Well today I went back to school, it was my first day back since the half term break. I was meant to go back to school yesterday like every body else but I didn't for reasons I don't feel like explaining. So anyway, here's the bitchy part, I got to school at usual time and went to meet my two "friends" Lizzy and Sarah* , in the usual place. I wasn't early but for some reason neither of them were there. They didn't turn up at all and eventually the bell rang an I went to registration thinking how weird it was that they might both be ill on the same day.
At first lesson, P.E which we are all in the same group for, I found Lizzy waiting outside the changing rooms for them to be opened as usual. I said hi and asked if Sarah was here today. She said yes so I told her I'd been looking for them that morning and couldn't find them. She just looked at the ground guiltily and didn't answer. Then Sarah turned up and I actually saw her face drop when she saw me. I couldn't understand why though so I just left it. The rest of they day went ok but I couldn't help noticing that they didn't seem to talk to me much and there was the odd snide remark thrown at me. I ignored them. Later, after school we were walking back to where Sarah is normally picked up from and the way Lizzy walks home. I'm picked up in the next road up 'cos it's easier for my mom. If we are early and Sarah's mom isn't there then we wait for a bit and talk till she arrives and then Lizzy walks on home and I go in the opposite direction to where my mom collects me. We were early so as usual I stood waiting with them but this time they just didn't want to. Sarah grabbed Lizzy's arm and said to me "Well, good-bye then" and started walking off up the road. I know she had no where to go 'cos her mom wasnt there yet, it was just her way off saying "Go away". Like an idiot I did what she wanted, I didn't confront her or ask her what was wrong, I just said bye and walked away not understanding what I'd done wrong. I know that this morning they met up with out me in a secret place. I'm so confused.

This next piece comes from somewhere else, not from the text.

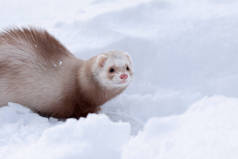 冬季小雪貂（Mustela nivalis）的雪人肖像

Right now I'm not having much fun at home, my mom's pregnant, (heavily, she's due next Monday) and she's fighting all the time with her boy friend who lives with us and is refusing to leave. I'm not coping well and it seems that in my life it's just one thing after another going wrong and it never seems to get better. At times like these we turn to our friends for support. They are the closest things I have to friends and they're constantly treating me like this. I have no one else to turn to. There are lots of other things that are going wrong but I'd be here forever writing them out.

I just wish I had some real friends, is it really too much to ask for?




*names have been changed because I'm paranoid and think they might discover this and read it somehow.